In the more general case there are various replication type messages which can happen and the warnings may be understood by the DBA (but it's good to see them up to a point) so this is where the throttling is helpful.

Having said that having control over the throttling is something we'd like to see. It has been a source of frustration, so getting this right and flexible enough so we can see messages that are important and not ones that are not is vital.  You really need to allow the DBAs to configure this and not try to pre-judge what you think the answers are as different sites are likely to have different opinions or needs.

By default being noisy is fine: it makes people read up on the potential problem and then decide whether it's an issue or not, and if needed they can then filter/throttle this noise so they will notice other issues that may come up.

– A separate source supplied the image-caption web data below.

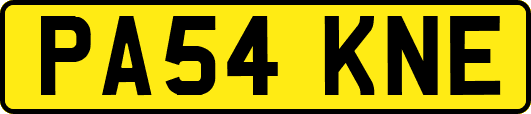 PA54KNE
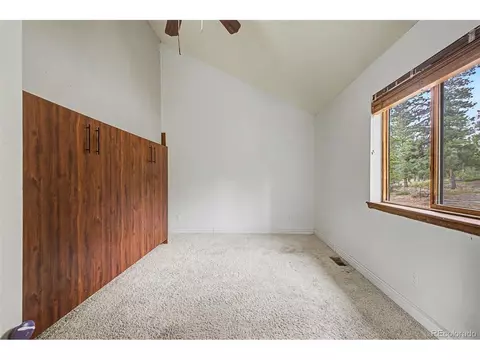 Bedroom - 76 Highlands Dr, Bailey, CO 80421 photo 6 of 7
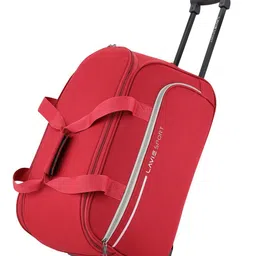 LAVIE SPORT Soft-Sided Small Galactic Wheel Duffle Trolley Bag - 53 cm-picture-26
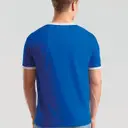 T-Shirt Ringer Valueweight - Bild 4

The work around is good and does stop the noise. So thanks for the suggestion.

Thanks for your feedback. This has been fixed in an upcoming version and the following was noted in the 5.7.8 changelog:
Some messages that were meant to be printed when log_warnings was greater than 1 started appearing in the error log. The information regarding the multi-threaded applier in particular was too verbose and much of this information was very technical and development oriented. The fix ensures that these messages are not logged.